POUR TOUS CES MOTIFS, L’ADMINISTRATEUR :
REJETTE la demande de réclamation des bénéficiaires pour les points 1 et 2.
Tel qu’il appert de la pièce A-10.
3. Dans un courriel en date du 11 mars 2019, les bénéficiaires soumettaient à l’organisme d’arbitrage autorisé leur demande d’arbitrage de cette décision (pièce A-11).
4. Dans une lettre en date du 6 juin 2019, l’organisme d’arbitrage autorisé confirmait aux parties la réception de la demande d’arbitrage ainsi que la nomination de la soussignée pour agir à titre d’arbitre dans le présent dossier (pièce A-11).
5. Trois (3) audiences par conférence téléphonique ont été tenues respectivement en date des 13 août, 4 septembre et 25 septembre 2019.
6. Aucune objection n’a été soulevée par les parties eu égard à la compétence du Tribunal et la juridiction du Tribunal est par le fait même confirmée.

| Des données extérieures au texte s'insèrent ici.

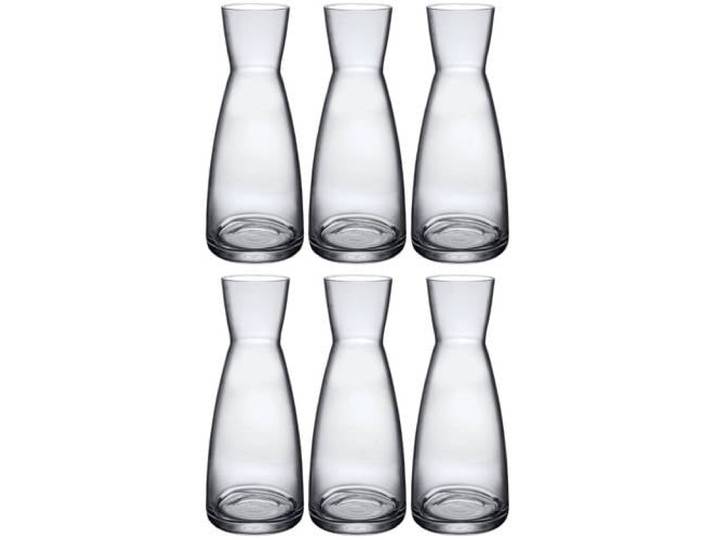 Bormioli Rocco Karaffen / Waterkaraffen Ypsilon - Transparant - 1 liter - 6 stuks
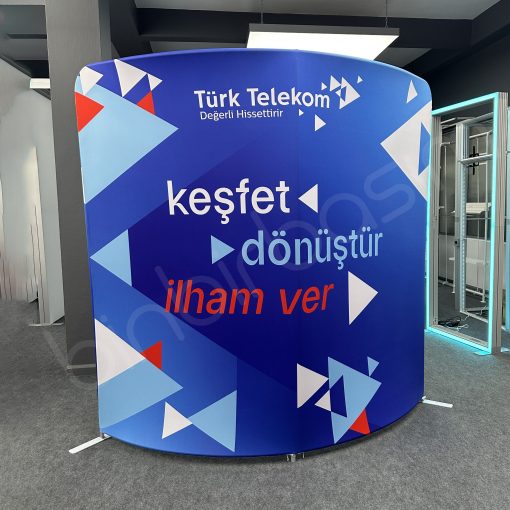 Oval Kumaş Backdrop 230X230Cm - Görsel 2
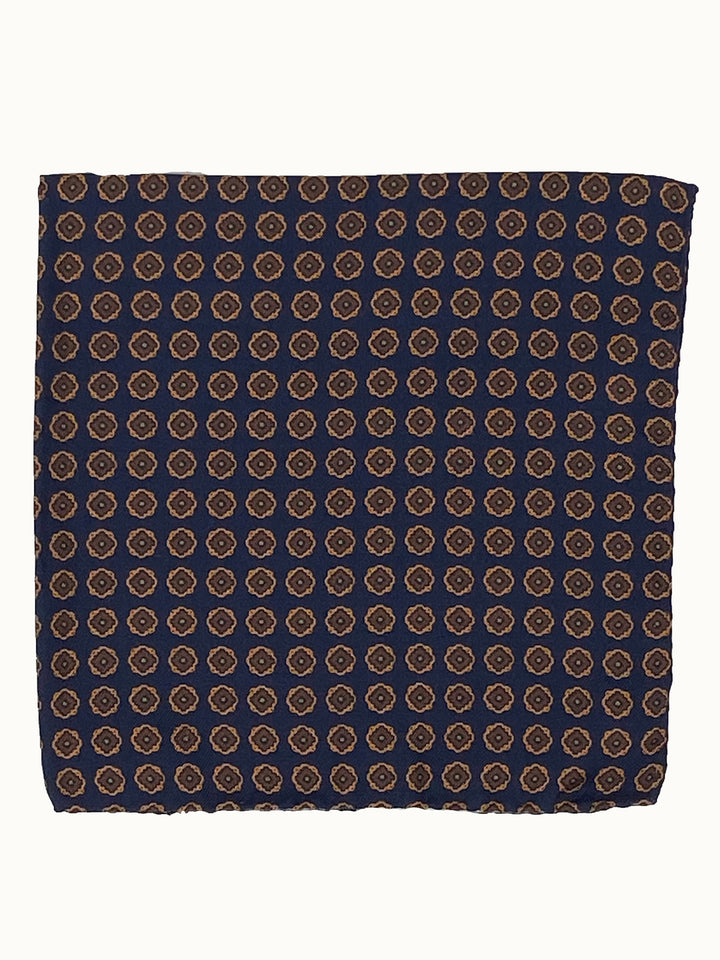 Navy Geo Pocket Square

7. Le POINT 1 : FISSURATION ET DÉTÉRIORATION PRÉMATURÉE DES JOINTS DE MORTIER SUR LE PAREMENT DE MAÇONNERIE a été retiré par les bénéficiaires.
8. Le seul point maintenu en arbitrage est le POINT 2 : INFILTRATION D’EAU DANS LA CHAMBRE FROIDE.
9. L’audience initialement fixée en date du 6 novembre 2019 a été reportée à la demande des bénéficiaires.
L’AUDIENCE DU 21 NOVEMBRE 2019
10. L’audience fixée en date du 21 novembre 2019 a débuté par une visite des lieux à laquelle ont assisté toutes les parties.
LA PREUVE DES BÉNÉFICIAIRES
Témoin assermenté : Monsieur Carlo Mambro
11. Par acte de vente passé en date du 24 mai 2012 (pièce A-3), les bénéficiaires, Monsieur Carlo Mambro et sa conjointe Madame Vanessa Ferrara, ont acheté de l’entrepreneur, Les Constructions Révélation R.L. inc., la propriété située au [...] à Laval.
12. Au mois d’avril 2015, les bénéficiaires ont découvert la présence d’une infiltration d’eau dans la chambre froide aménagée sous le balcon avant de leur propriété.
13. En date du 4 mai 2015, les bénéficiaires, par l’entremise de leur avocat Me Christopher Dimakos, ont dénoncé le vice à l’entrepreneur et à l’administrateur (pièce A-6).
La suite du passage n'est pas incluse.